Create two DataFrames sharing a 'key' column with partial overlap. Perform a default merge (inner join) and count the resulting rows. Then perform an outer merge and compare.
Solution to Exercise 1
Compare inner and outer merge row counts.
import pandas as pd
df1 = pd.DataFrame({'key': ['a', 'b', 'c'], 'val1': [1, 2, 3]})
df2 = pd.DataFrame({'key': ['b', 'c', 'd'], 'val2': [4, 5, 6]})
inner = pd.merge(df1, df2, on='key')
outer = pd.merge(df1, df2, on='key', how='outer')
print(f"Inner: {len(inner)} rows")
print(f"Outer: {len(outer)} rows")
Exercise 2.
Create an orders DataFrame with a 'product_id' column and a products DataFrame with a 'product_id' and 'product_name' column.

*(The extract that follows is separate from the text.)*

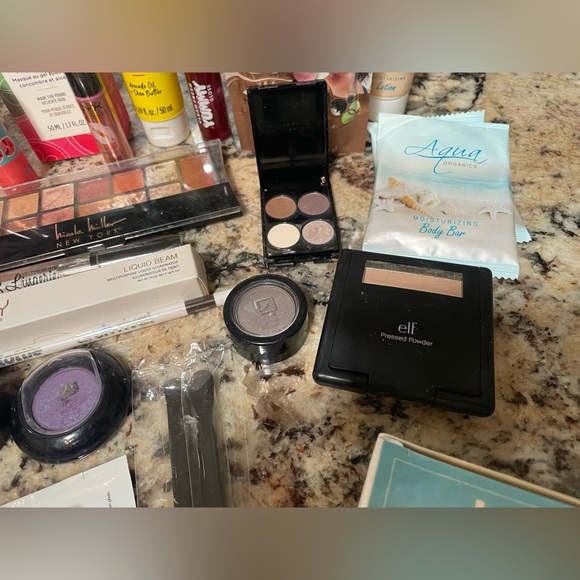 Lot of make-up & beauty* skin care*Nuria*Laritzy*Lancome*NYX*Biore*Sephora* - Picture 3 of 7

Use pd.merge() to look up the product name for each order.
Solution to Exercise 2
Look up product names for orders.
import pandas as pd
orders = pd.DataFrame({'order_id': [1, 2, 3], 'product_id': [101, 102, 101]})
products = pd.DataFrame({'product_id': [101, 102, 103], 'product_name': ['Widget', 'Gadget', 'Doohickey']})
result = pd.merge(orders, products, on='product_id')
print(result)
Exercise 3.
Create two DataFrames and merge them using both the function syntax pd.merge(df1, df2) and the method syntax df1.merge(df2). Verify both produce identical results.
Solution to Exercise 3
Verify function syntax and method syntax produce the same result.
import pandas as pd
df1 = pd.DataFrame({'key': ['a', 'b'], 'x': [1, 2]})
df2 = pd.DataFrame({'key': ['a', 'b'], 'y': [3, 4]})
result_func = pd.merge(df1, df2, on='key')
result_method = df1.merge(df2, on='key')
assert result_func.equals(result_method)
print("Both approaches produce identical results.")